— Problem requirements —
Search the listing for the string "Girls". Copy every line that has it.
-- -- --
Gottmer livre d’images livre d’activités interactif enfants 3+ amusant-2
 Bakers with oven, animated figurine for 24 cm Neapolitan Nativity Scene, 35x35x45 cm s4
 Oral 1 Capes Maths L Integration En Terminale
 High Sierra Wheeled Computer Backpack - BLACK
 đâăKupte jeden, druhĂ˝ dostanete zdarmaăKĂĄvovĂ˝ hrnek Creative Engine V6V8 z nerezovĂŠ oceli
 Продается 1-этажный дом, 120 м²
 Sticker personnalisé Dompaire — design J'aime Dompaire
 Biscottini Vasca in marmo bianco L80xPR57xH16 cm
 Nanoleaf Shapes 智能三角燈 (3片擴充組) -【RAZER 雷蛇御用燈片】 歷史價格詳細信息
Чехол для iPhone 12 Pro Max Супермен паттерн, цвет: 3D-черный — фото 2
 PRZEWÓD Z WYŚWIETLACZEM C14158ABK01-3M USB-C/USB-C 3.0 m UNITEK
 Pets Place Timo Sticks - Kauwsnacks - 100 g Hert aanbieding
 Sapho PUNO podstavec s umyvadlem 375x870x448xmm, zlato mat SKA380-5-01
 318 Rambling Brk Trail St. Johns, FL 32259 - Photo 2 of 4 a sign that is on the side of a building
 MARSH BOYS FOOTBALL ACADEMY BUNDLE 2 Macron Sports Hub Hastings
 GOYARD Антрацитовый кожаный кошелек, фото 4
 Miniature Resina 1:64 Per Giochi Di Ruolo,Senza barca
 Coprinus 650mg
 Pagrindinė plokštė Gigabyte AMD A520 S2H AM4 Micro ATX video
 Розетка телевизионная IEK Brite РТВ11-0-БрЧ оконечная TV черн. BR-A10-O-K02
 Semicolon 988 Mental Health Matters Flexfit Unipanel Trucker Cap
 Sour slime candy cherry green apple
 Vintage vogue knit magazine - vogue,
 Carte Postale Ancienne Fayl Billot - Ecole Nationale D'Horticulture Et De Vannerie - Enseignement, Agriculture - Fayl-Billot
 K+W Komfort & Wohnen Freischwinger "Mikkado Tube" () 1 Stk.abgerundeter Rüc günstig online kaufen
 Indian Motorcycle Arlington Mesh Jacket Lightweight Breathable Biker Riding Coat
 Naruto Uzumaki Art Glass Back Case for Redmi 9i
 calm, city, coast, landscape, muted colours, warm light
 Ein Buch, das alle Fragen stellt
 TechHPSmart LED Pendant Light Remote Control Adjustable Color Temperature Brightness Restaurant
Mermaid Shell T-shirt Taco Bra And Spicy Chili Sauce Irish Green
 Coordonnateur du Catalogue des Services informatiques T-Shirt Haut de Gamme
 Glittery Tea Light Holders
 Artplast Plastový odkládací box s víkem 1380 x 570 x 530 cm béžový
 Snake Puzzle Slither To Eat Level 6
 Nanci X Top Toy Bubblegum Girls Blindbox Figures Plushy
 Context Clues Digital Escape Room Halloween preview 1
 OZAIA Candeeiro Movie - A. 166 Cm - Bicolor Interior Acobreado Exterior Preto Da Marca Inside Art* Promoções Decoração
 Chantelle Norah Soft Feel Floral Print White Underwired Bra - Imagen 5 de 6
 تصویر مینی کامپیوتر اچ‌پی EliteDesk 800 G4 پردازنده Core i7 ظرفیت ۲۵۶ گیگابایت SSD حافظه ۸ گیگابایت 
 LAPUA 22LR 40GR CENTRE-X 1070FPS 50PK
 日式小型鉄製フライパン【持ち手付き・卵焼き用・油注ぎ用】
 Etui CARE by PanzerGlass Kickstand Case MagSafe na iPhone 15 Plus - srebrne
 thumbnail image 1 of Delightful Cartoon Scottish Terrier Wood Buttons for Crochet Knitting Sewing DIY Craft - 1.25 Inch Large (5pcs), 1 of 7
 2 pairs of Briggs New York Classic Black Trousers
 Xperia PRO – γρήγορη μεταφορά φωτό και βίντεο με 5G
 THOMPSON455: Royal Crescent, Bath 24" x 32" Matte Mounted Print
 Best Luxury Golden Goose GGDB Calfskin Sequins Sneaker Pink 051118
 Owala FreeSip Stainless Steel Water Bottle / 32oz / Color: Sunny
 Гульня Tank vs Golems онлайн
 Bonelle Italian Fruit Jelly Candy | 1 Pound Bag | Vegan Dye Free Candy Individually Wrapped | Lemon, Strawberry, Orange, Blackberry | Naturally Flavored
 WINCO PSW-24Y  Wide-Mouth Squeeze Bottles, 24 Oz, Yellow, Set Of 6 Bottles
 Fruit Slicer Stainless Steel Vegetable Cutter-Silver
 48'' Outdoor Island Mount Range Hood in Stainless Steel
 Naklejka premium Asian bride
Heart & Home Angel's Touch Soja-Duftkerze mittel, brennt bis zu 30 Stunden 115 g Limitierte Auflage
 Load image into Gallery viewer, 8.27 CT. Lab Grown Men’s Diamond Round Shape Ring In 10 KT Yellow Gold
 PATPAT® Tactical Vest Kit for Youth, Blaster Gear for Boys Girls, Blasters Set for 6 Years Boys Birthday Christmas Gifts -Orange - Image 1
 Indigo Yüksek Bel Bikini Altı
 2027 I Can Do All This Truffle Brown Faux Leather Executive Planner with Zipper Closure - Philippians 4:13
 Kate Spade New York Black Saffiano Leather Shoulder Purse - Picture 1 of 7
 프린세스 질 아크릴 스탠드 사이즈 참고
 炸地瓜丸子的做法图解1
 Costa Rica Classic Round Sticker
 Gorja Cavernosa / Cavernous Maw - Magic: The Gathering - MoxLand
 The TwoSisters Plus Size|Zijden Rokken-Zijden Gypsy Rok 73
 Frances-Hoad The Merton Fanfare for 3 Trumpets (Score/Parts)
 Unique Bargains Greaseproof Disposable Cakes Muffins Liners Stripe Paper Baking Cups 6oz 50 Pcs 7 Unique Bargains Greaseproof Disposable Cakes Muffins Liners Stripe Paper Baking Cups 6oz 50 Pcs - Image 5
-- -- --
— Your response —
 Nanci X Top Toy Bubblegum Girls Blindbox Figures Plushy
 PATPAT® Tactical Vest Kit for Youth, Blaster Gear for Boys Girls, Blasters Set for 6 Years Boys Birthday Christmas Gifts -Orange - Image 1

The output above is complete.